パッキン一つ、リレー一つが手に入らないだけで、あの美しい鉄の馬はただの重たい金属の塊に成り下がってしまうのだ。

深夜のネットオークションを徘徊し、画像だけを頼りに高額な中古部品に入札するときの、あのヒリヒリとした焦燥感。

やっとの思いで手に入れた部品が使い物にならず、また振り出しに戻る落胆。

乗るための時間よりも、部品を探すために画面を睨む時間のほうが長くなっていく事実に、ふと虚しさを覚える夜もあるかもしれない。

表には出ない職人たちの繋がり、全国に散らばる「見えない財産」

そんな暗闇の中で一筋の光となるのが、長年旧車と向き合ってきた専門店が持つ独自のネットワークである。

彼らの本当の価値は、高い整備技術だけではない。

インターネットの検索窓には決して引っかからない、同業者同士の太いパイプや、昔ながらの解体屋に眠るストック、あるいは海外のコアなマニアとのコネクションこそが、店が持つ「見えない財産」なのだ。

私が懇意にしているビルダーも、あるとき「探していたあのパーツ、九州の知り合いの工房の棚の奥で見つけたよ」と、油の染みた段ボール箱を抱えて笑って見せたことがあった。

一見の客には開かれないその扉の奥には、歴史を繋ぐための職人たちの静かな連帯が確かに存在している。

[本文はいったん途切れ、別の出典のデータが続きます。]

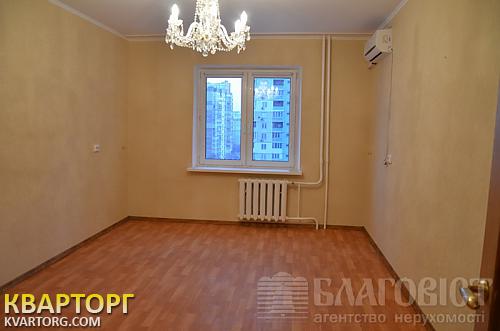 Sell 1-room apartment. Киев,  Драгоманова — photo 1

流用と加工という知恵、時代を生き抜くためのしたたかな選択

もちろん、全国を探し回っても純正パーツが出てこないことは多々ある。

そこで試されるのが、他車種のパーツを流用し、自然にマウントする職人の加工技術だ。

純正の完全性にこだわるあまり走らせないことを選ぶか、それとも違う血を混ぜてでも道を走らせるか。

私は後者を支持したい。
違う年式や他メーカーの流用パーツを、まるで最初からそこにあったかのように違和感なく車体のシルエットに溶け込ませる。

それは単なる妥協ではなく、旧車を現代に生き延びさせるためのしたたかな知恵であり、新たな美学の創造だ。

旋盤でステーを削り出し、失われた機能を補完していく彼らの手仕事には、機械への深い愛情が静かに滲んでいる。

頼れるネットワークを持つショップとの出会いは、旧車を維持する上での最大の防具となる。

彼らの知恵と繋がりがあれば、愛車が再び息を吹き返す可能性は格段に高まるだろう。